Waning trade-related fears have halted gold's forward progress for now.
ETF inflows slip, further eroding the immediate-term gold outlook.
Gold's longer-term recovery is still alive, though, and should continue.
While gold's intermediate-term (3-9 month) recovery is still intact, its near-term trend is coming under serious pressure. As we'll discuss in today's report, the latest spike in the volatility for gold-backed funds has resulted in a temporary exit signal for gold ETF traders. We'll discuss this here as well as the prospects for a renewed buy signal by later this month.
Gold price volatility has been on the rise of late and this has been the result of two major factors. The first is the recent strengthening of the U.S. dollar index (DXY), which we've discussed in recent reports. A stronger dollar tends to undermine bullion demand by making gold more expensive for buyers with foreign currencies. Shown here is the DXY in relation to its 15-day and 50-day moving averages, both of which are in the process of turning up. This is an important consideration from a technical standpoint since it reflects an increase in forward momentum in the dollar index. This in turn makes it easier for dollar bulls to push the greenback even higher, which would serve to further depress gold demand in the near term.
Source: BigCharts
The other factor weighing on gold lately has been a diminution of global trade fears. As progress is apparently being made on the U.S.-China trade front, investors have less incentive to purchase gold for safety-related reasons. Instead, equities have come back into favor in the last two weeks as investors have embraced more of a "risk on" approach in view of the improved global outlook.
Both factors are closely related as an improved economic outlook is typically reflected in a stronger dollar. The April 4 trading session illustrated why gold is facing renewed headwinds from dollar strength. While the gold price managed to close slightly higher for the day, the SPDR Gold Shares (GLD) - the world's largest gold-backed ETF and a favorite gold proxy - was down sharply in early trading and tested the lower boundary of a 3-month trading range. As the following graph shows, GLD is also just above the 120-day moving average, which is an important long-term trend line.
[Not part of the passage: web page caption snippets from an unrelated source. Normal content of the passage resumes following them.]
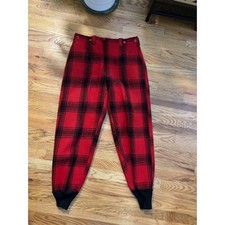 Vintage Red Black Plaid Wool Pants High Waisted Trousers Tapered Leg Cuffs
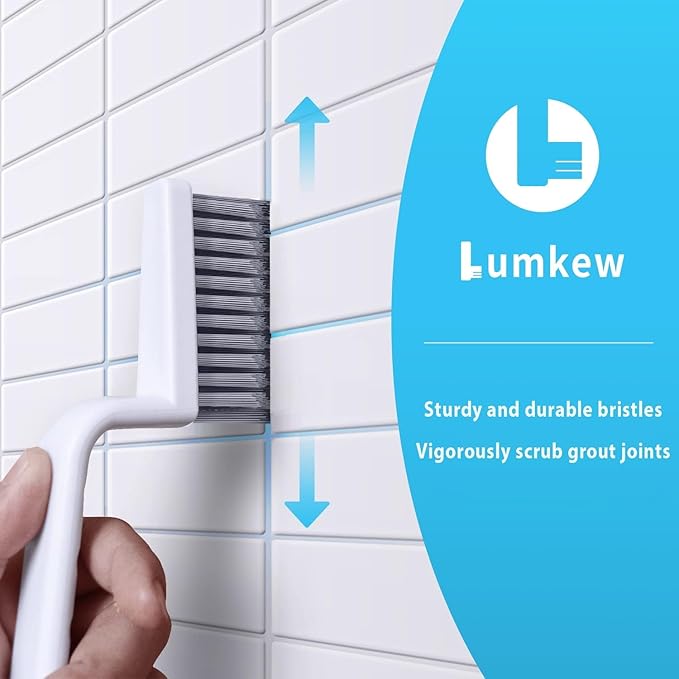 Lumkew Grout Cleaner Brush V Shape, Stiff Grout Cleaning Brushes - Image 5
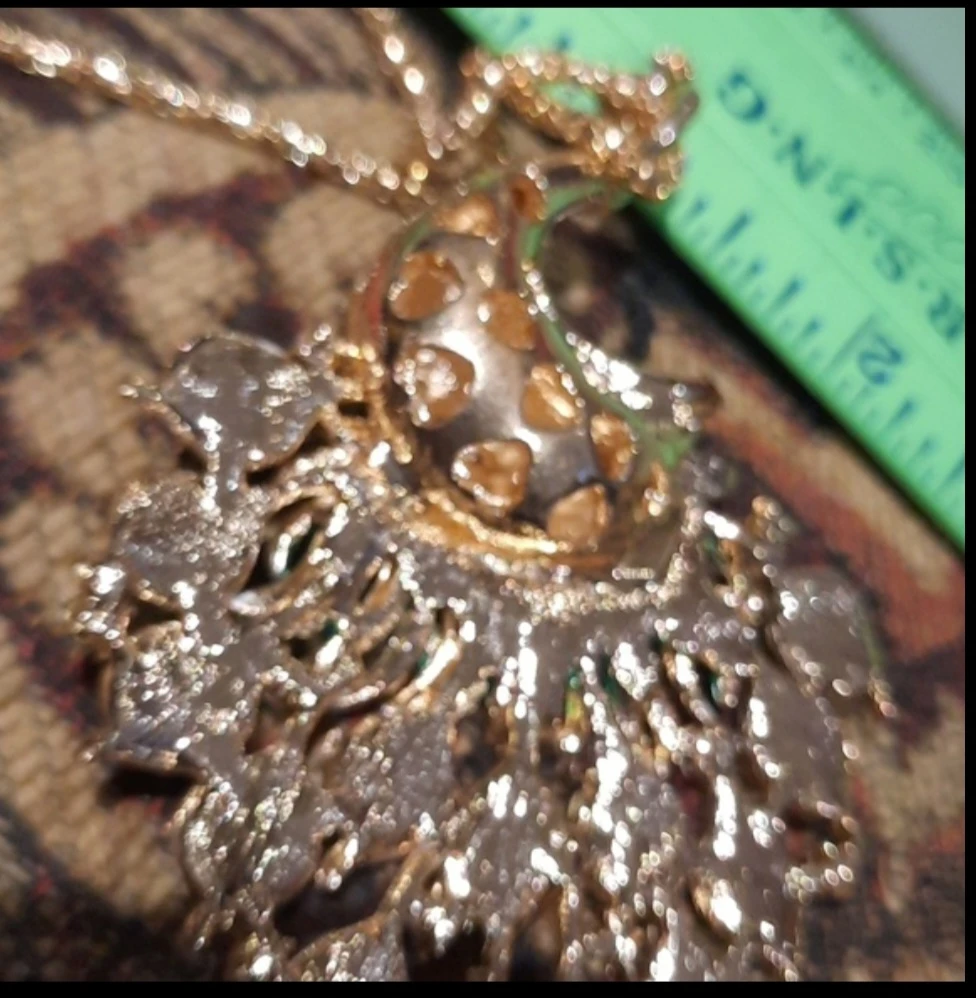 GORGEOUSLY BLINGED OUT PEACOCK NECKLACE - photo 4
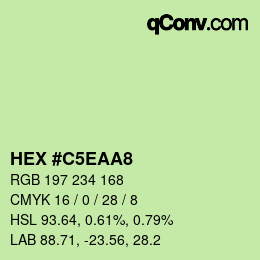 Color code: HEX #C5EAA8 | qconv.com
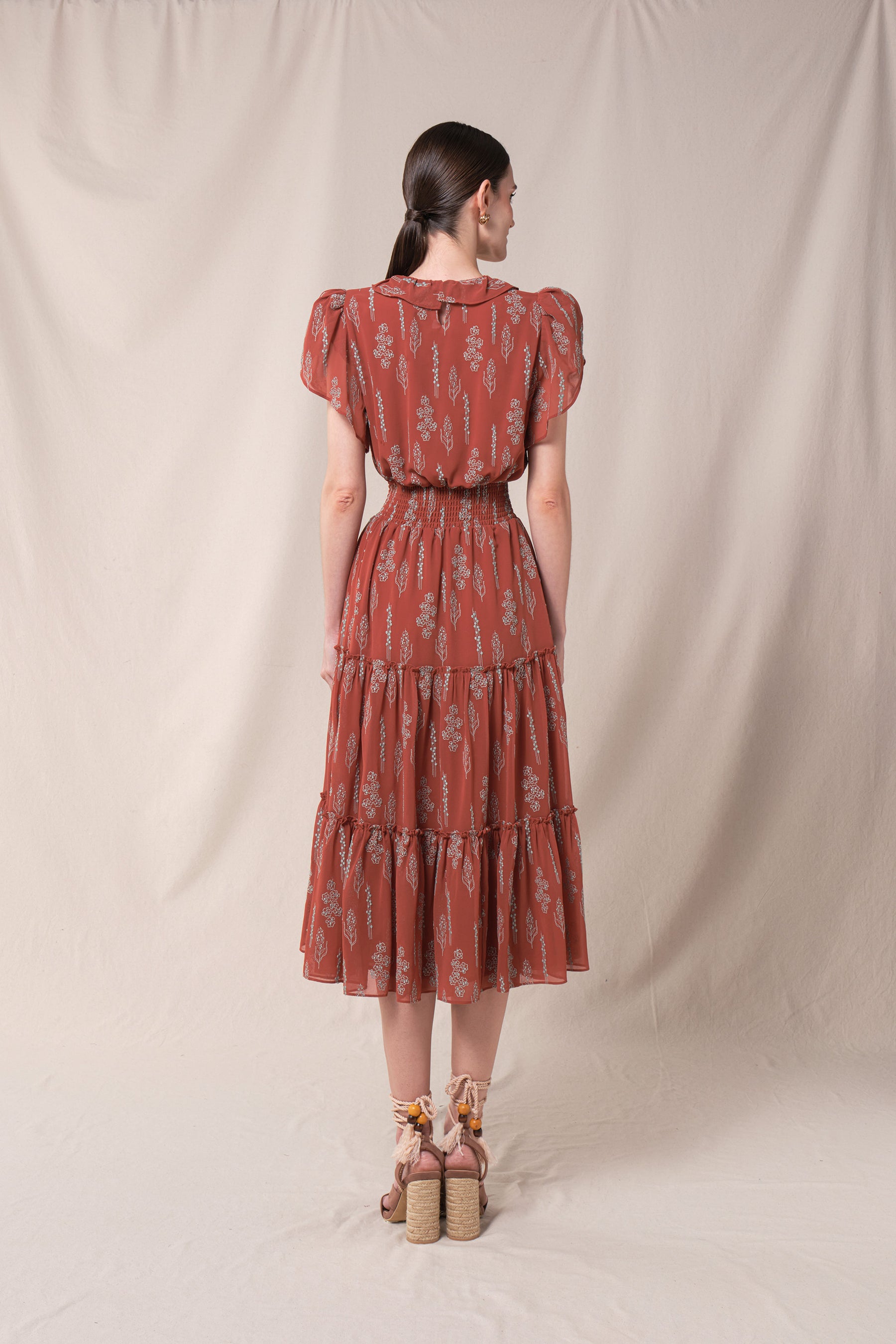 DARIA Dress in Terracotta Tulu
The following graph shows that while the recovery which began late last year is still intact, the immediate-term (1-4 week) trend is still quite shaky for the gold ETF.
Source: BigCharts
The recent decline in gold demand due to U.S. currency strength and diminished fear can be seen in the latest inflows for GLD, which fell for a third straight session on Apr. 3. The fund's holdings hit their lowest since Dec. 17 at 24.57 million ounces.
The latest increase in gold fund volatility also resulted in a rather unfortunate whipsaw to our gold ETF trading position. On Apr. 4, my recommended trading position in the iShares Gold Trust (IAU) was stopped out after the $12.30 level was violated on an intraday basis. No new trading positions in IAU are currently recommended until we see the ETF price recover back above its 15-day moving average on a 2-day closing basis (see chart below).
Source: BigCharts
Although the yellow metal's immediate-term trend is being undermined by gold's weakening currency component, its much larger recovery which began last October is still alive. One factor in support of its continuation this spring, in spite of the latest setback, is global jewelry demand for the metal. According to the consulting firm Metals Focus, global gold demand for 2019 is expected to rise to its highest level in four years, buoyed by higher jewelry purchases. The firm's Gold Focus 2019 report predicts the world to buy 4,370 tons of gold this year, which would be the most since 2015 and slightly higher than last year's 4,364 tons.
Gold jewelry consumption is predicted to increase 3 percent this year to 2,351 tons, mainly due to the world's two largest markets, China and India. The firm's Gold Focus 2019 report also predicted gold prices would average $1,310 per ounce in 2019, which is above last year's $1,268 and the highest since 2013.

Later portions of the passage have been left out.